I’ve heard people say we should have dried them or bottled them. But how would you cope with several tons of tomatoes every day? We were growers, not manufacturers. And the manufacturers had plenty of crops to tin, bottle, freeze, make into juice etc anyway. they didn’t want our problem.
Ethylene Ripening of Fruit
Ethylene is a naturally occurring gaseous plant hormone found in many plants. It peaks as fruit ripens. Higher levels also induces ripening and we can use this fact to speed ripening.
When fruit are slow to ripen all we need to do is ensure there is ripe fruit nearby. their higher ethylene levels will then speed up ripening of other mature fruit. The way many people suggest this is done is to use a banana. But it really isn’t needed for several reasons.

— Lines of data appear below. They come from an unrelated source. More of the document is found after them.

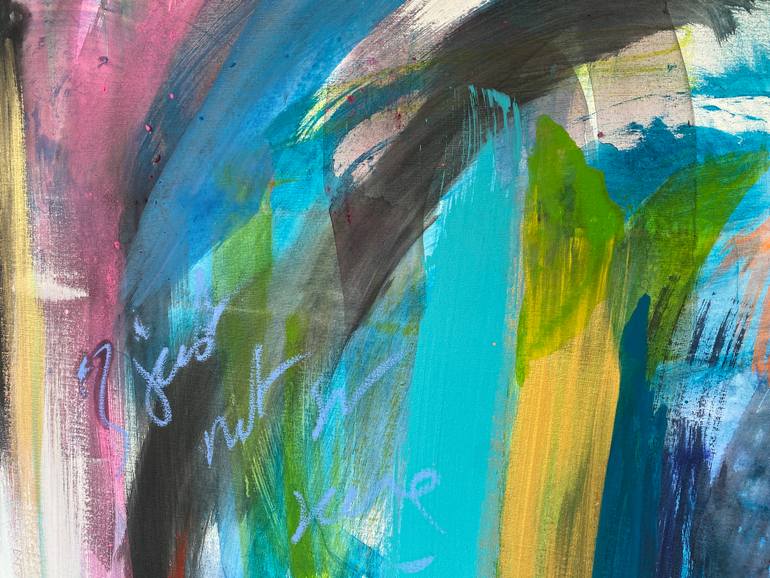 Original Abstract Expressionism Abstract Painting by Gisela Gaffoglio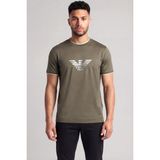 Emporio Armani Erkek Kısa Kol Pamuklu Regular Fit Kahverengi T-Shirt EM005271 AF10017-U6200 - 3XL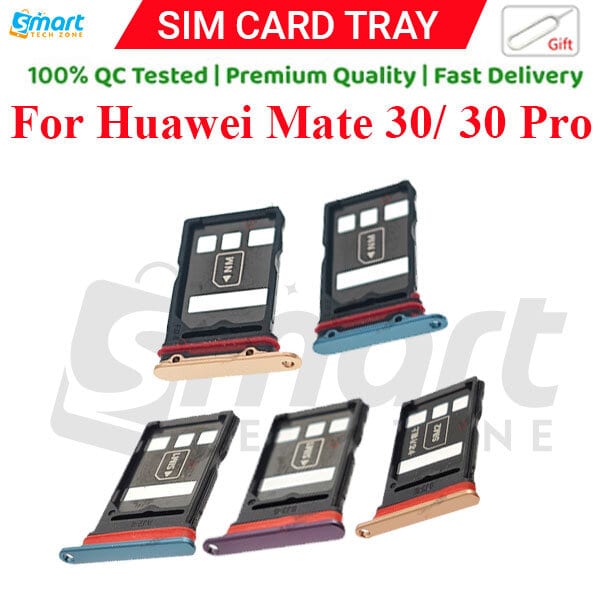 For Huawei Mate 30/ 30 Pro Sim Tray Micro SD Card Slot with Sim Ejector Pin Replacement Part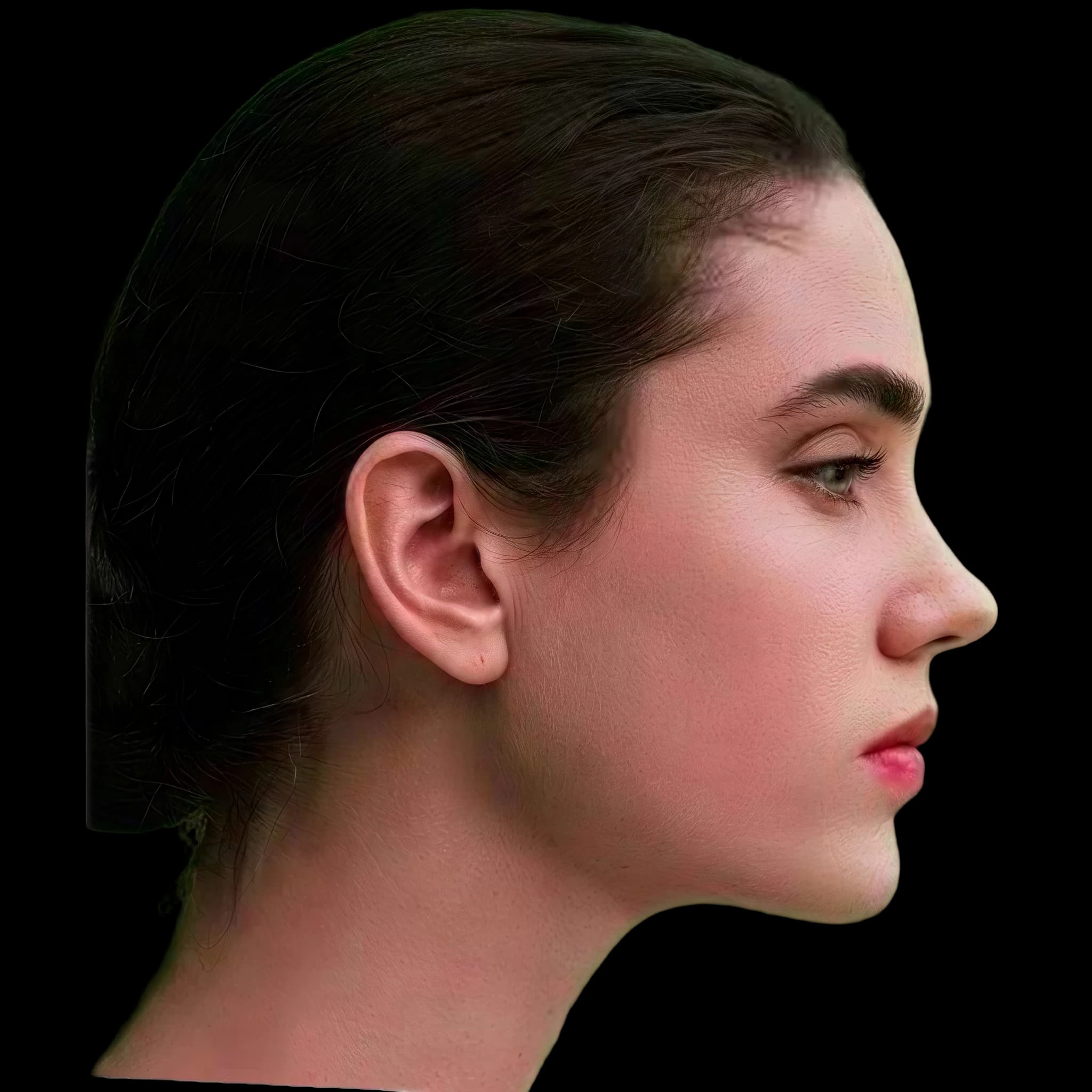 Jennifer Connelly "young", Recession relative to frankfort plane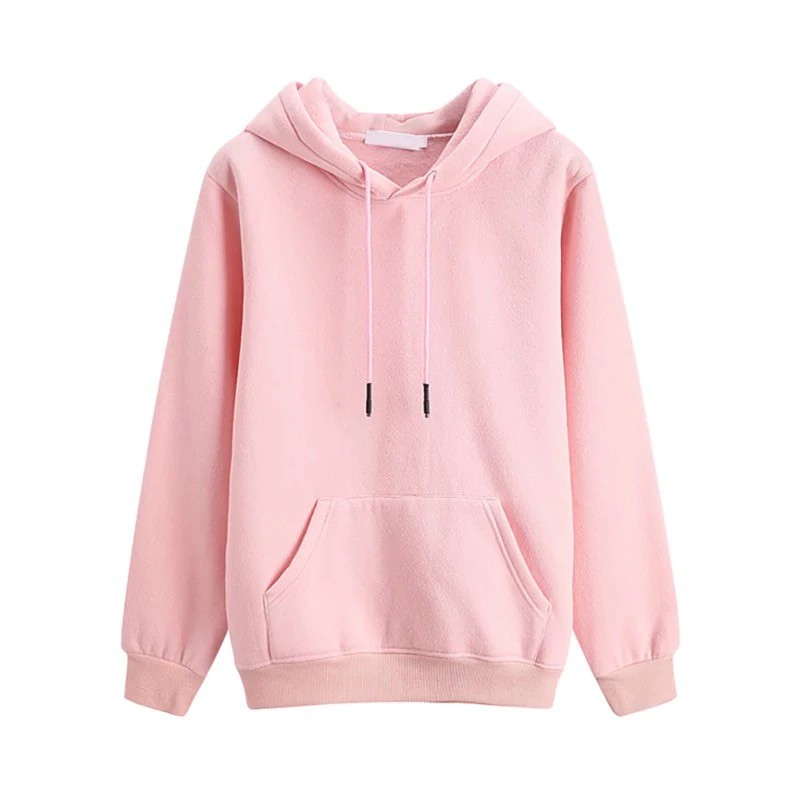 pink hooded top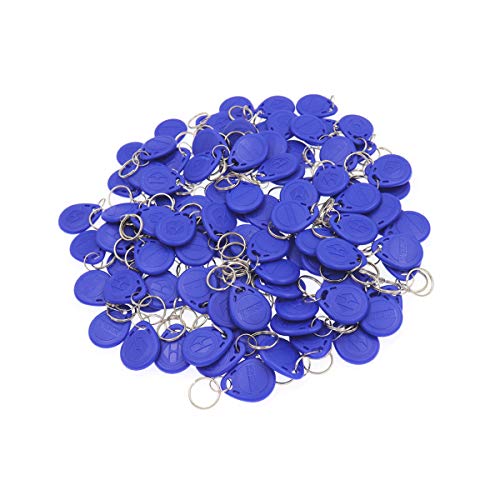 ETEKJOY 100 PCS 125KHz RFID Key Fob Proximity ID Card Token Tag Keypad Card for Door Entry Access Control System for Security Lock Wholesale, Read Only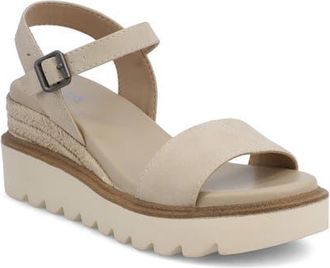 Mia Ophida Ankle Strap Platform Wedge Sandal in Ecru at Nordstrom, Size 7.5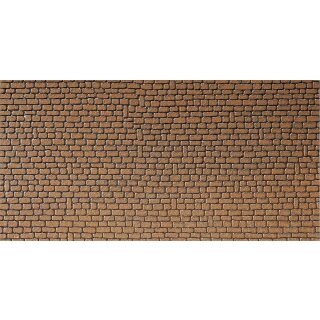 Faller H0 170611 Mauerplatte, Sandstein, rot, 250 x 125 mm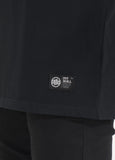 Herren T-Shirt Garment Washed SCRATCH - Schwarz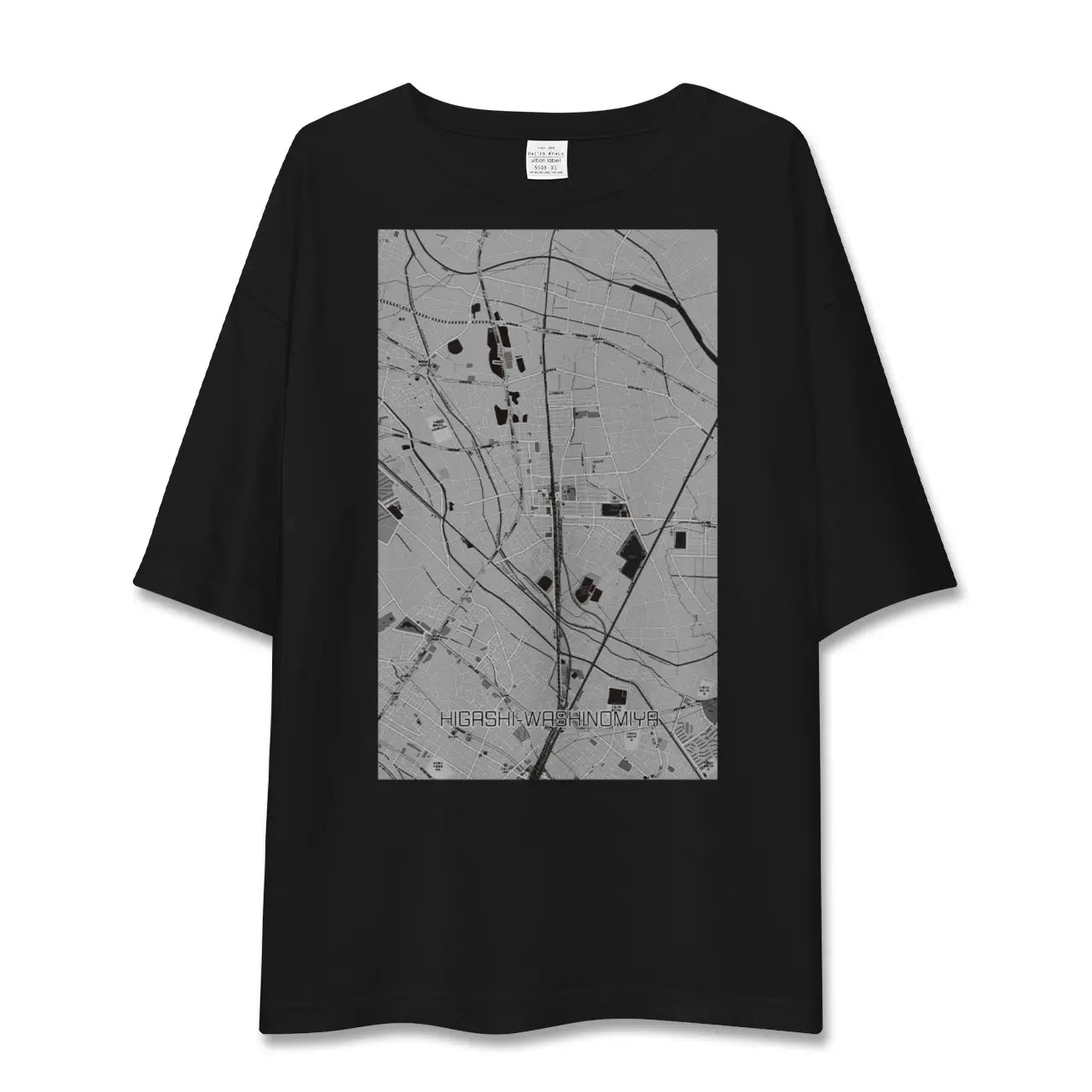 【東鷲宮(埼玉県)】地図柄ビッグシルエットTシャツ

Firstly an unripe banana would have little impact on ripening as the level of ethylene would be low.
Secondly, bananas don’t produce any special amounts of ethylene. Tomatoes also produce ethylene and leaving a ripe tomato on the vine will do s much to ripen other fruit as the banana will!
Towards the end of the season, when you have a lot of green fruit, you can pick them all and keep a few ripe fruit with them in a sealed bag or area. This will speed ripening as well as adding a banana! Alternatively use the fruit in their green state to make chutneys or to cook with.
Fruit continue to produce ethylene after ripening and it can then speed over ripening! Commercially some producers have an answer to this .. mentioned below.
Commercial Ripening of Fruit
Vine ripened fruit are very popular today. Supermarkets sell pre-packed fruit as complete trusses. As any experienced tomato grower will tell you, this isn’t natural. In nature the fruit ripen over time and are never all ready at there same time.
The way most vine ripened fruit is produced is to pick a whole truss when green and then treat them with ethylene gas! It works. But it isn’t natural and isn’t the sort of unnatural chemical ripening I want on my plate!
Fortunately in the UK ripening gases aren’t available to the public. But overseas, in countries such as India, they are available over the internet.

But worse than using artificial chemical ripening in my book, is the use off chemical scrubbers to reduce the ethylene levels once packed. The pads that fruit sit on, or even the packs themselves, often contain chemicals to remove the ethylene and extend shelf life.
At this point I’d like to make it clear I have never used ethylene gas and ripening rooms to artificially ripen tomatoes. I would pick all my green tomatoes and sell them to the local Indian diaspora communities where they were used to produce wonderful chutneys.
How To Ripen Tomatoes: Water Reduction
Reducing water intake also speeds ripening to an extent. In the last week of the crop we stopped watering them. And in the last 2-3 days pulled the roots. Today I’d leave the roots but sever the stem at ground level as I want to leave the roots in the ground.